## WORK ORDER
All lines from the one that has "Frühstückspension La Maison En Pierre 3*" onward to the end of the records below are to be returned exactly; pictures are to be skipped.

-------- DATASET EXCERPTS --------

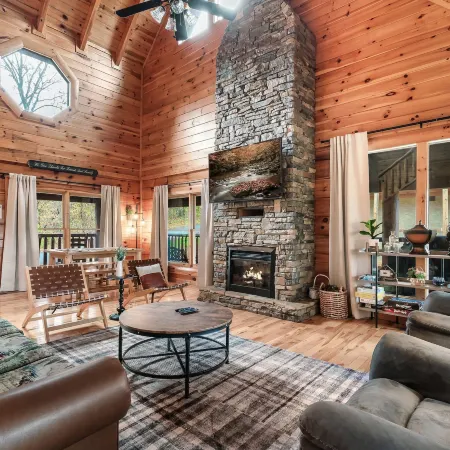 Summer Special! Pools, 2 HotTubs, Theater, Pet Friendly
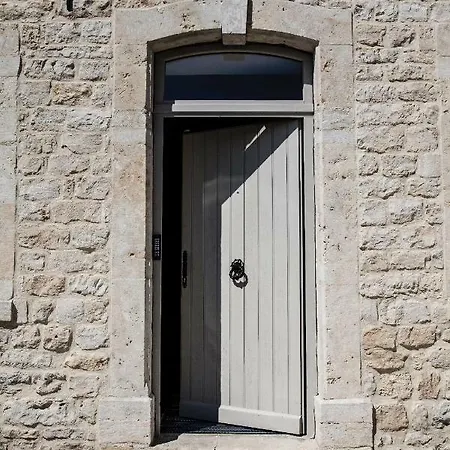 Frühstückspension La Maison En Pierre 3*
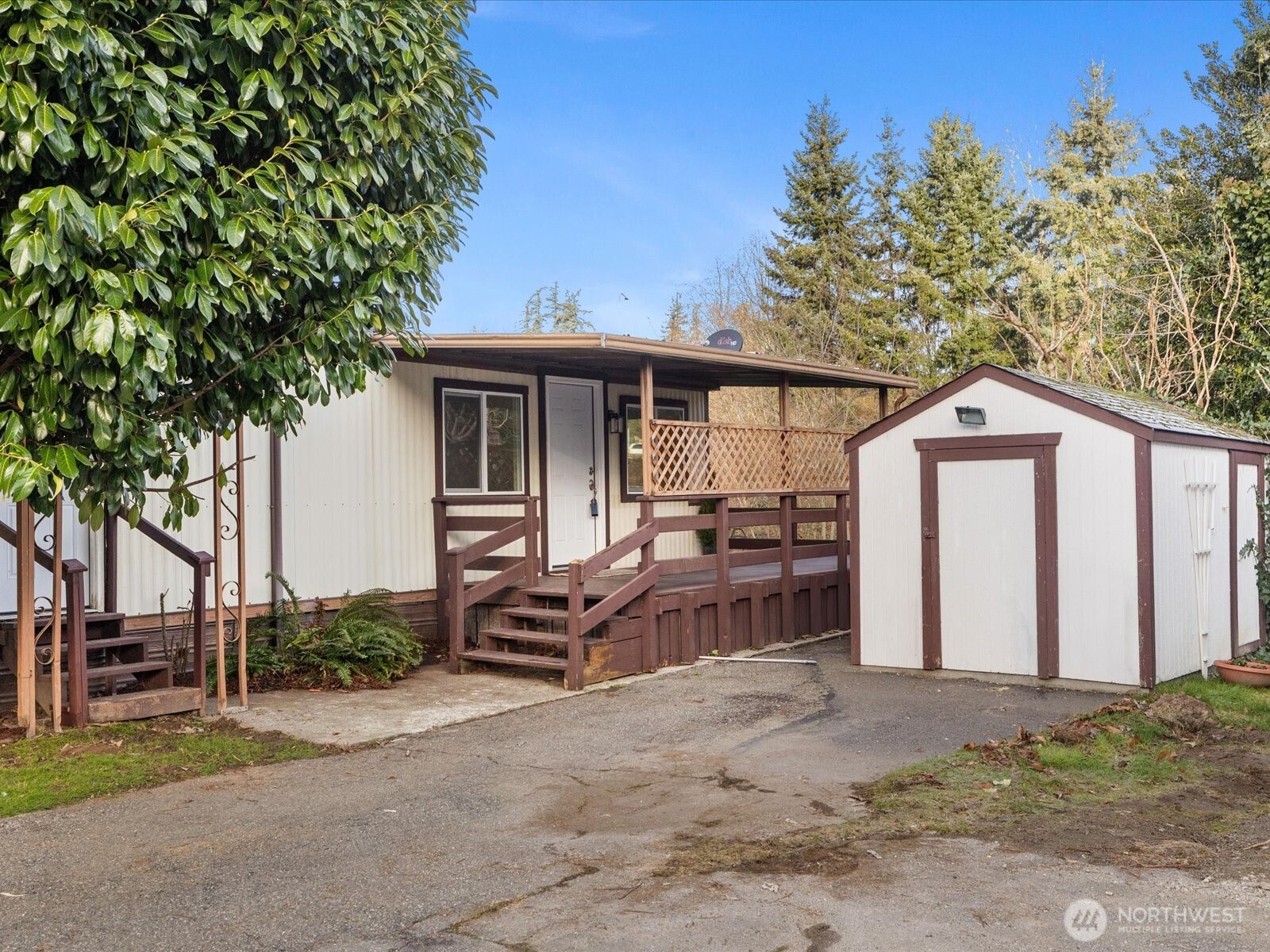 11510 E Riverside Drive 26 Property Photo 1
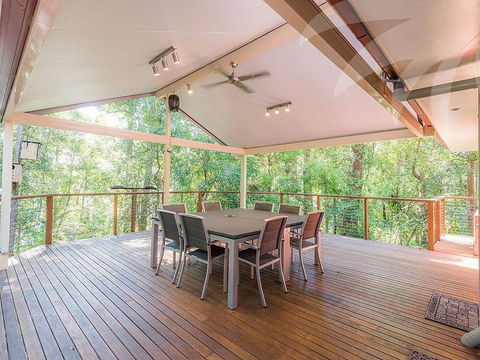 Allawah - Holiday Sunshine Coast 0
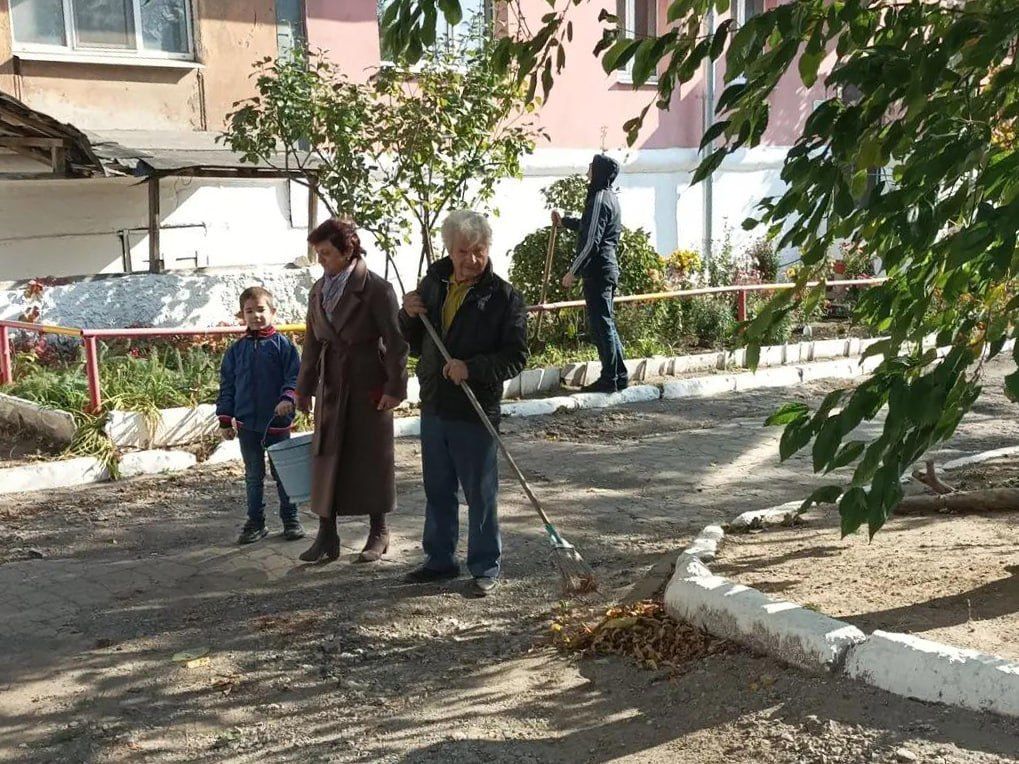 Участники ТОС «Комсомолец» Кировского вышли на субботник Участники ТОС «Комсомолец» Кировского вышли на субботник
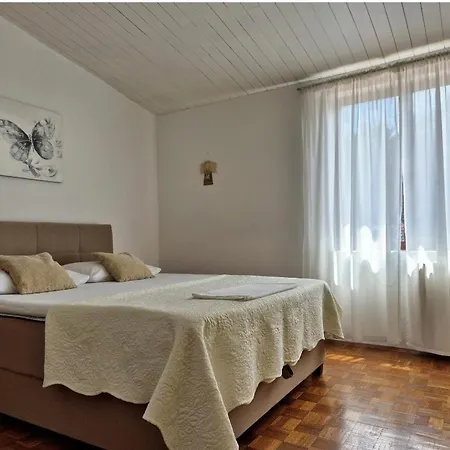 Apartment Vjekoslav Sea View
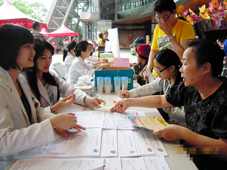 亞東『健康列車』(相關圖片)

--------

## WRITTEN SOLUTION
 Frühstückspension La Maison En Pierre 3*
 11510 E Riverside Drive 26 Property Photo 1
 Allawah - Holiday Sunshine Coast 0
 Участники ТОС «Комсомолец» Кировского вышли на субботник Участники ТОС «Комсомолец» Кировского вышли на субботник
 Apartment Vjekoslav Sea View
 亞東『健康列車』(相關圖片)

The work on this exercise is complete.